Our operations may be adversely affected by failure to maintain or renegotiate distribution, supply or manufacturing agreements on favorable terms.
We have a number of distribution, supply and co-packing agreements for our suppliers and products. These agreements vary depending on the particular supplier and/or product. There can be no assurance that we will be able to renew these agreements on favorable terms or that these agreements will not be terminated. Termination of these agreements or failure to renew these agreements on favorable terms could have a negative effect on our results of operations and financial condition.
We may not be able to compete effectively in the highly competitive dairy free frozen dessert, cheese and health food markets.
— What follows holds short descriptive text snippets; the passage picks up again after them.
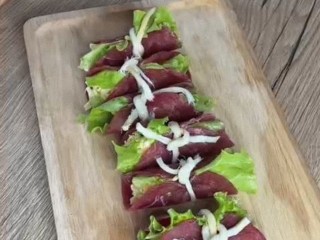 Ветчинный рулетик с сыром: готов за минуту с нежной начинкой без майонеза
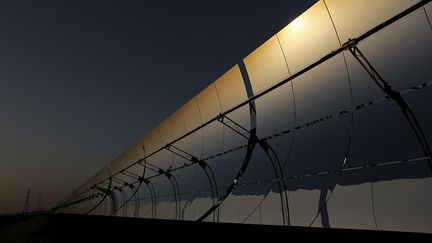 grâce à son réservoir de chaleur. Celui-ci contient des milliers de tonnes de sel fondu qui peuvent actionner les turbines à la nuit tombée ou lorsque le ciel est couvert, pendant environ 7 à 8 heures. Cette technique permet ainsi d’échapper à l’inconvénient premier de l'énergie solaire et de continuer à fonctionner quand le soleil n’est plus au rendez-vous. (REUTERS/Marcelo del Pozo)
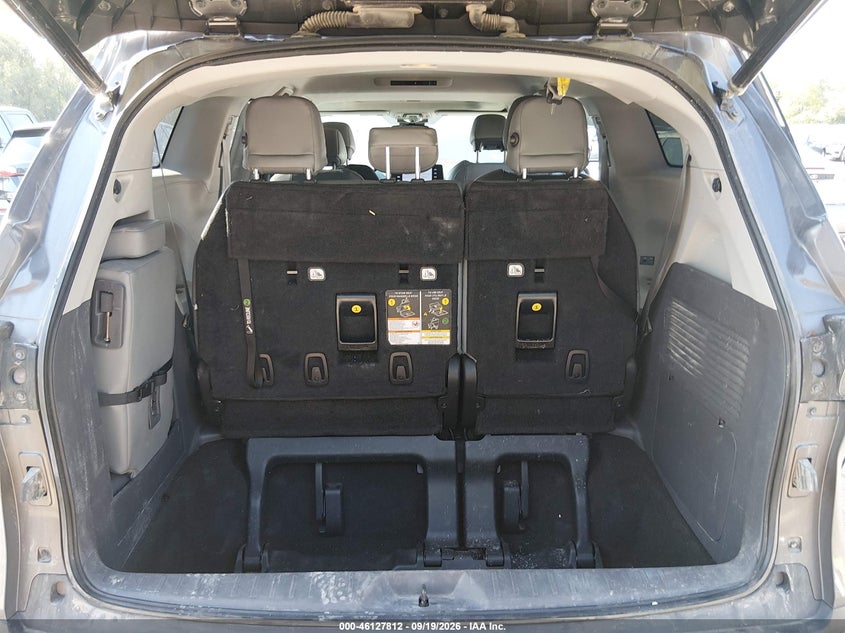 TOYOTA SIENNA - zdjęcie 17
The plant-based, dairy free frozen dessert, cheese and health food markets are highly competitive. In addition, many of our principal competitors are large, diversified companies with resources significantly greater than ours. We expect strong competition to continue, including competition for adequate distribution and competition for the limited shelf space for the dairy free frozen dessert and dairy free cheese food categories in supermarkets and other retail food outlets. Competition in our product categories is based on product innovation, product quality, price, brand recognition and loyalty, effectiveness of marketing, promotional activity, and the ability to identify and satisfy consumer preferences. Our market share and ability to grow our revenue could also be adversely impacted if we are not successful in introducing innovative products in response to changing consumer demands or by new product introductions of our competitors. If we are unable to build and sustain brand equity by offering recognizably superior product quality, we may be unable to maintain premium pricing over competitive products.
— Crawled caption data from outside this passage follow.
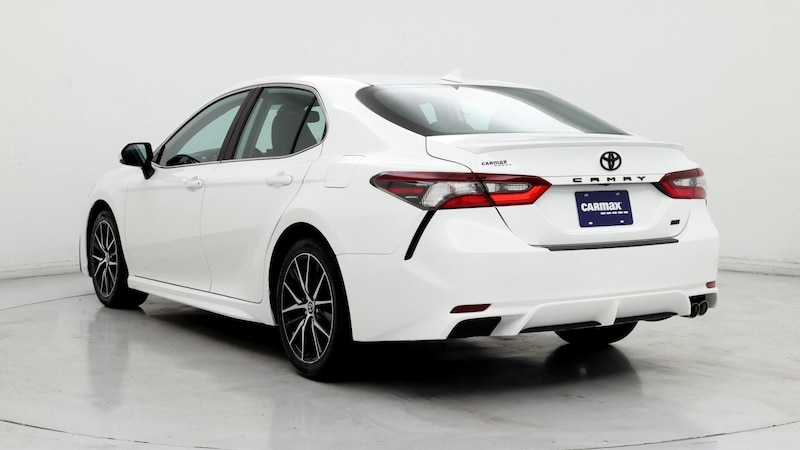 2021 Toyota Camry SE 2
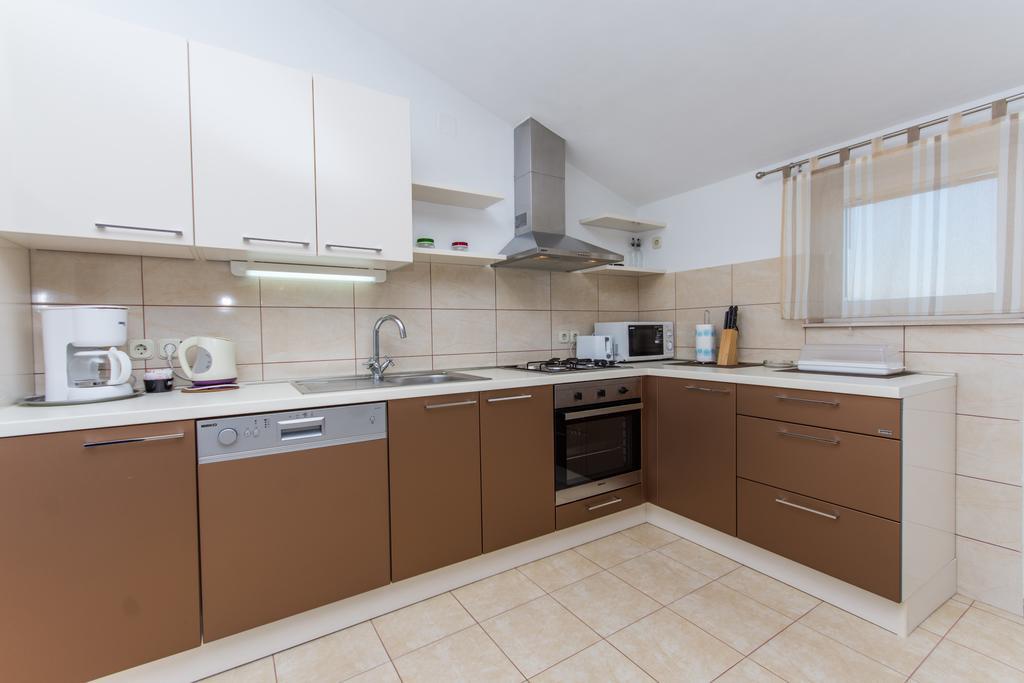 Apartments Barba 特罗吉尔 外观 照片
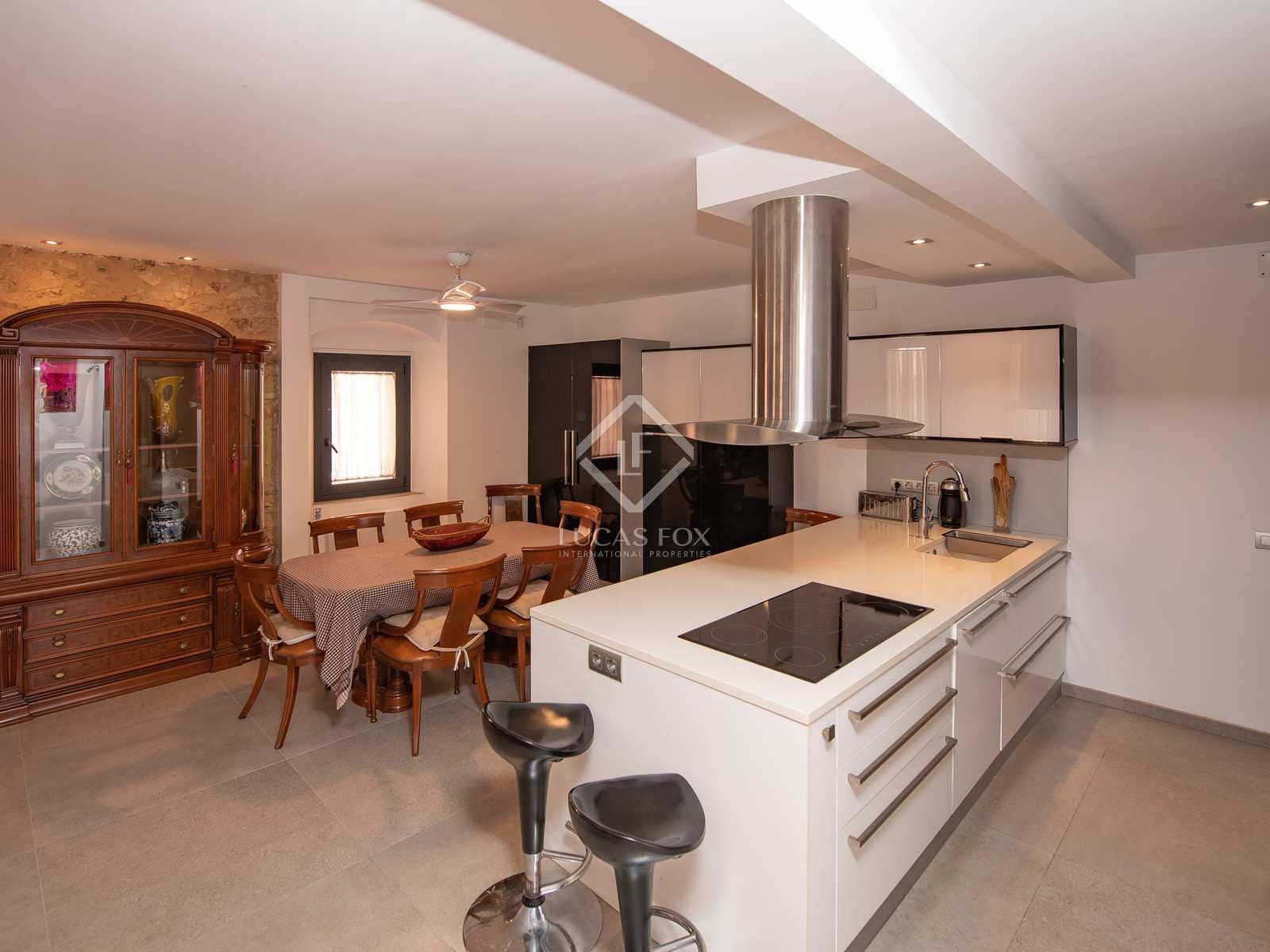 4 slaapkamer Villa te koop in Sant Feliu de Guixols met garage - € 840.000 (Ref: 8369806)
From time to time, we and our customers experience price pressure in some of our markets as a result of competitors’ promotional pricing practices as well as general market conditions. Our failure to match or exceed our competitors’ cost reductions through innovative products and other improvements could weaken our competitive position. Competition is based on product quality, reliability, food safety, distribution effectiveness, brand loyalty, price, effective promotional activities, the ability to identify and satisfy emerging consumer preferences and the ability to provide ancillary support services. We may not be able to compete effectively with these larger, more diversified companies.
Our operating costs are subject to fluctuations which could affect our business results.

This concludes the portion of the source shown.